For statistical purposes, Blanding is about 6,000 feet in elevation (higher than Denver) which explains why it is so cold even though it looks kind of like desert.  It has between 3,000 and 4,000 people—half Caucasian and about half Navajo Indian.  It is within visual sight of Colorado, right near the four corners area of Utah, Arizona, Colorado and New Mexico.  It’s claim to fame is that it is the “gateway” to adventure—close to Arches National Park, Canyonlands National Park, Mesa Verde, Lake Powell and lots of other cool places.  The flip side of that it is about 6 hours away from the nearest airport!  You don’t get here in a hurry.

So back to the issue of food:  fast food places include one A&W inside the local gas station/mini-mart, one Subway sandwich and a mom-and-pop hamburger place that is supposed to be really good, but doesn’t serve anything I can eat on program.  There are two sit-down mom-and-pop restaurants, but it didn’t take long to figure out that the “eating out” dilemma was NOT going to be a problem for me here.  I have eaten every meal at home, with my scale, except for the first night we arrived when we did go out to “The Old-Timer’s” Restaurant since our kitchen was not unpacked. 
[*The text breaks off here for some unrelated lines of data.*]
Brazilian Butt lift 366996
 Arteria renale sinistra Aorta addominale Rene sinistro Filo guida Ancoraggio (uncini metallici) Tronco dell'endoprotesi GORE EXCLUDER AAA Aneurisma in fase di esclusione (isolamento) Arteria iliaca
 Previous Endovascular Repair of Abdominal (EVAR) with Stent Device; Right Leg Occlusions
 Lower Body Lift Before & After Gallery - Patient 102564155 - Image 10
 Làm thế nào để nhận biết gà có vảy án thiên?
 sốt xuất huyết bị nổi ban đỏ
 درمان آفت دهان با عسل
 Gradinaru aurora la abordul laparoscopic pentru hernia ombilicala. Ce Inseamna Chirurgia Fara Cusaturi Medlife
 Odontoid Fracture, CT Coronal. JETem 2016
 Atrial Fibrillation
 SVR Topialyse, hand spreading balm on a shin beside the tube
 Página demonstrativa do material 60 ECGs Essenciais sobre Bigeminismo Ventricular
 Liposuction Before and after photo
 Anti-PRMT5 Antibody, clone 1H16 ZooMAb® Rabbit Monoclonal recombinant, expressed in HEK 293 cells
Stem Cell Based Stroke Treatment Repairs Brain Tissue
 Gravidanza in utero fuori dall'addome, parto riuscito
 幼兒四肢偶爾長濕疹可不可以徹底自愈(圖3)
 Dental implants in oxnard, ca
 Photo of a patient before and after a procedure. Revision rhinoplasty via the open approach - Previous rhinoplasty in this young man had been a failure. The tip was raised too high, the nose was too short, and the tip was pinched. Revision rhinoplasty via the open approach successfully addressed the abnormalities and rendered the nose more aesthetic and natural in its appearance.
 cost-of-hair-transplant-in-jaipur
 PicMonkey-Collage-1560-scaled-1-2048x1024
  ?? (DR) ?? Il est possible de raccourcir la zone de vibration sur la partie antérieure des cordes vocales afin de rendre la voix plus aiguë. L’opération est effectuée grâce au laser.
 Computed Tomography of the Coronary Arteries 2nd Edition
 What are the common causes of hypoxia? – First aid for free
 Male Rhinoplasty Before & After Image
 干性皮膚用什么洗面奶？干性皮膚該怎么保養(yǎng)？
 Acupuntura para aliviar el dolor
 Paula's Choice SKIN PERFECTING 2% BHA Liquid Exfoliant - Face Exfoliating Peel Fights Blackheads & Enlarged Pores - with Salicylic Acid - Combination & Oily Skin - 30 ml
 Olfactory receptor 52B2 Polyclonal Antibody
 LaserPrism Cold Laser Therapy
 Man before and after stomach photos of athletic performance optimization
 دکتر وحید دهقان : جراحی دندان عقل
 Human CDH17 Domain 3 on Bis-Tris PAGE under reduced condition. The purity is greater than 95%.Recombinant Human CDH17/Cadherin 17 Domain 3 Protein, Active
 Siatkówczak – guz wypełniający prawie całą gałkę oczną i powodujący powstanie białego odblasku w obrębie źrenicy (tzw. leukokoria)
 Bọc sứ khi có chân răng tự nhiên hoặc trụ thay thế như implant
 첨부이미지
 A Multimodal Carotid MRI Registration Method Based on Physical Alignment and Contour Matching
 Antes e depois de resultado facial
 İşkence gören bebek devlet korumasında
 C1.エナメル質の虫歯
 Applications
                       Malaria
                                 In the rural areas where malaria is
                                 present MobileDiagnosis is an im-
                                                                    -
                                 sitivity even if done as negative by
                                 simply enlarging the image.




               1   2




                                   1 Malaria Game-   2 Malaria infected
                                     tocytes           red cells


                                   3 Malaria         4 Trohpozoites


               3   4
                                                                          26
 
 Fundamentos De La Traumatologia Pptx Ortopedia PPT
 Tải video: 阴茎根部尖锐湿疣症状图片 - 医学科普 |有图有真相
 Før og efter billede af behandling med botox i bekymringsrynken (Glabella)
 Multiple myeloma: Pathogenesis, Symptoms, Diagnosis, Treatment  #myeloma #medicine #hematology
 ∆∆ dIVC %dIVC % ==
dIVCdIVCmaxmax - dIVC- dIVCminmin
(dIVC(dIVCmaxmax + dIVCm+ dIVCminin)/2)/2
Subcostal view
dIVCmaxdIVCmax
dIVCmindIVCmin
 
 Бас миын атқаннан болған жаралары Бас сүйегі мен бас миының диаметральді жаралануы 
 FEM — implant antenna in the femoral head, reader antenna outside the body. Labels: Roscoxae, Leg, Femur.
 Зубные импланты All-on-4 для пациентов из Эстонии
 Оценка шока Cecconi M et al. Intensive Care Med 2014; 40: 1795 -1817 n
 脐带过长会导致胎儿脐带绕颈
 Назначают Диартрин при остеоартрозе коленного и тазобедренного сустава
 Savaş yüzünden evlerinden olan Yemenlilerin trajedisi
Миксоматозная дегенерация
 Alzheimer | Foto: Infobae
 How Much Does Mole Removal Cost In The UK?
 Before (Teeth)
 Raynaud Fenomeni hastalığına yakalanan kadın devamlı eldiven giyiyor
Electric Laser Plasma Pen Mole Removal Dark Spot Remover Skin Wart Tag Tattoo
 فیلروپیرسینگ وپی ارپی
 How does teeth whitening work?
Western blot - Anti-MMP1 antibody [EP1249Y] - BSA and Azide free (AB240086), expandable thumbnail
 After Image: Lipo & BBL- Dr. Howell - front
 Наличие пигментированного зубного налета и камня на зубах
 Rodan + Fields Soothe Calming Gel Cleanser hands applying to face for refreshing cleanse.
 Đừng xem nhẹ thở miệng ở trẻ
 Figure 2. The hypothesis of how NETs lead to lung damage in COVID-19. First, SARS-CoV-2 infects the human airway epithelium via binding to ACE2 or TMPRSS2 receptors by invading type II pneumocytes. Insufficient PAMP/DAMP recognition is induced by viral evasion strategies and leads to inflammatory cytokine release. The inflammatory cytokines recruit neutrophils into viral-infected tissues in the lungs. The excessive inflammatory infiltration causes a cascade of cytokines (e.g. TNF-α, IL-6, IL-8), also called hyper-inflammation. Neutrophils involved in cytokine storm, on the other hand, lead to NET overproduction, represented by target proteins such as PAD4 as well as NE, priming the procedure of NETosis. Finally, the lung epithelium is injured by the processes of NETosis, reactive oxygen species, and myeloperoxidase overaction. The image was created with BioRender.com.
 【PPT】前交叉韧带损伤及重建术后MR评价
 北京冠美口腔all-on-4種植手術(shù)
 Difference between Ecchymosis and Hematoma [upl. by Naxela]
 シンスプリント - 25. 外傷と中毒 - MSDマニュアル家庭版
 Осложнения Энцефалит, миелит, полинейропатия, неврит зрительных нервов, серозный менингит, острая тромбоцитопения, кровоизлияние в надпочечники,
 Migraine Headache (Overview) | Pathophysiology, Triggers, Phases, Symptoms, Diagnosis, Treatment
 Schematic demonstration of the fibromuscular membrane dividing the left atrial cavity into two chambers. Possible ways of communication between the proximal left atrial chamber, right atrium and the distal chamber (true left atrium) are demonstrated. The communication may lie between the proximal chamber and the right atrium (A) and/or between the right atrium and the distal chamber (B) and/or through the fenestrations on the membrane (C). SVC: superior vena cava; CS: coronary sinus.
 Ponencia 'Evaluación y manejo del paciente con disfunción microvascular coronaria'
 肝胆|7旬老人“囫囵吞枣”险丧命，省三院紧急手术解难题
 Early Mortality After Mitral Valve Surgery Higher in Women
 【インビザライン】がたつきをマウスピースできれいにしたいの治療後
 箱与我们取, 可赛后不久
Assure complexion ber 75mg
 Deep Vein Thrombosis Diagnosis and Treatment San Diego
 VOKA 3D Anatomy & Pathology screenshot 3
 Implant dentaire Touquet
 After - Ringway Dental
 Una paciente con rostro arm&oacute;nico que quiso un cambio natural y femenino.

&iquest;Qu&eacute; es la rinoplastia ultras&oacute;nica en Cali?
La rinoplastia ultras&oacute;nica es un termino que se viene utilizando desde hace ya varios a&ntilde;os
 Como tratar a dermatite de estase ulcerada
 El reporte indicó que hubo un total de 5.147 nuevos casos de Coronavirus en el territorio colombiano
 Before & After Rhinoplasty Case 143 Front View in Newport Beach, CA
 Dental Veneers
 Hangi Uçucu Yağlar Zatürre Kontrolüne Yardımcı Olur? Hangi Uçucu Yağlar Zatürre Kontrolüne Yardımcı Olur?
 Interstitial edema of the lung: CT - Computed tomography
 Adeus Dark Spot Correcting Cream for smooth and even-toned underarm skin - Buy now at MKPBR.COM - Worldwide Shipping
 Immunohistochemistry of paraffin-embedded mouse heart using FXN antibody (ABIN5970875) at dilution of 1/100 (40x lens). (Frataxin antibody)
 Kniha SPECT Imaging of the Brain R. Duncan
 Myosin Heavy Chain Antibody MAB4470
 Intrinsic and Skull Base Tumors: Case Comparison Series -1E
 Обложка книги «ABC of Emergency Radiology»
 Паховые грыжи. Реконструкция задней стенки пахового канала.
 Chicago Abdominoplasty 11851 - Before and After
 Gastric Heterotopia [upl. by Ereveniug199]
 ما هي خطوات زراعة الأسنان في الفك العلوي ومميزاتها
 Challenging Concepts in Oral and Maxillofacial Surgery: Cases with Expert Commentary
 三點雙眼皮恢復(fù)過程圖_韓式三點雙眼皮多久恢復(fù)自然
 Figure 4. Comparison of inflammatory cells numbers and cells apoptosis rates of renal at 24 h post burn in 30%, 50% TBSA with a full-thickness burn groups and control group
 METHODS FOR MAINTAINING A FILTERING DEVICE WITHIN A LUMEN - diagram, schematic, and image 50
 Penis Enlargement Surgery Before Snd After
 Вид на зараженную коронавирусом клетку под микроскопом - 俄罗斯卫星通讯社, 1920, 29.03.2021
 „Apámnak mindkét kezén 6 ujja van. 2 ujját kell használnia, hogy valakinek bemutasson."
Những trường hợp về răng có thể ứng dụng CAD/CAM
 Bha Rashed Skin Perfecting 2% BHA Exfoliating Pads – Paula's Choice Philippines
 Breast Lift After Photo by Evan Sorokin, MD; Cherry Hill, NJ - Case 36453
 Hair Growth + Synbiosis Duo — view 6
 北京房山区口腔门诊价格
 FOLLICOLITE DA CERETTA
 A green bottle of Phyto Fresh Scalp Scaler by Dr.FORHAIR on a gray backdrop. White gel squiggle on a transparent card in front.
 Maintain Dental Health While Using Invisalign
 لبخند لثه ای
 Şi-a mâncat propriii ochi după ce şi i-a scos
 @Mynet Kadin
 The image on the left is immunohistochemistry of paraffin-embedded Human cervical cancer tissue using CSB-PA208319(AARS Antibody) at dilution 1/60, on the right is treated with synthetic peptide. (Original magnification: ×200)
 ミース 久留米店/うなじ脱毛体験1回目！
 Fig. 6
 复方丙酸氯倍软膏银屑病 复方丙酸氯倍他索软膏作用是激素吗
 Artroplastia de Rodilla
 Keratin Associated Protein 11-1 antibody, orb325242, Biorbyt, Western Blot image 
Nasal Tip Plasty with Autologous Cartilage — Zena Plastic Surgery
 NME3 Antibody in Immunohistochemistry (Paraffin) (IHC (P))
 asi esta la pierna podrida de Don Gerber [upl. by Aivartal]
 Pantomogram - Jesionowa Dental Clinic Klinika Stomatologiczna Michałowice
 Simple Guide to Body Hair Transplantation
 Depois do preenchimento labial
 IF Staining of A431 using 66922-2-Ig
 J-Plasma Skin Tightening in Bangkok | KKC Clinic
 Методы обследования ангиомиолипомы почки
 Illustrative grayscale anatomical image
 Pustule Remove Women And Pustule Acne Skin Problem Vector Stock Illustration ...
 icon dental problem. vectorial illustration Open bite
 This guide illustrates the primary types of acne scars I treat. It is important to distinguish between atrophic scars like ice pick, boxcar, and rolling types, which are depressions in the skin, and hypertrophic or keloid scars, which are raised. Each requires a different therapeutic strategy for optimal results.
As far as how I am doing on program: 

Plus side:  eating out not a temptation; grocery store has the basics I need

Down-side:  Since I don’t have a few of the basic staples I am used to, I am eating a pretty boring menu each day:  1 banana, 2 corn tortillas, 2 oz. cheese for breakfast.  12 oz. salad, ½ oz. olive oil, 1 apple, 2 oz. of cheese for lunch, and I really spice it up for dinner by eating variations on breakfast or lunch with occasional beef instead of cheese and sour cream instead of olive oil.  Hey, it sustains life!

I am happy to report that Thanksgiving went well.  I cooked my own food items, measured them out and took them to our Thanksgiving feast.  I have stayed abstinent.  I haven’t even had any artificial sweeteners.  (NO sugar-free chocolate, however tempting that was yesterday.)

I am now two on day 30 of being completely abstinent and proud of it.  So, for today, I think I will keep it up and enjoy the opportunity to see a different view of the world.  It is nice that life doesn’t have to be all about the food.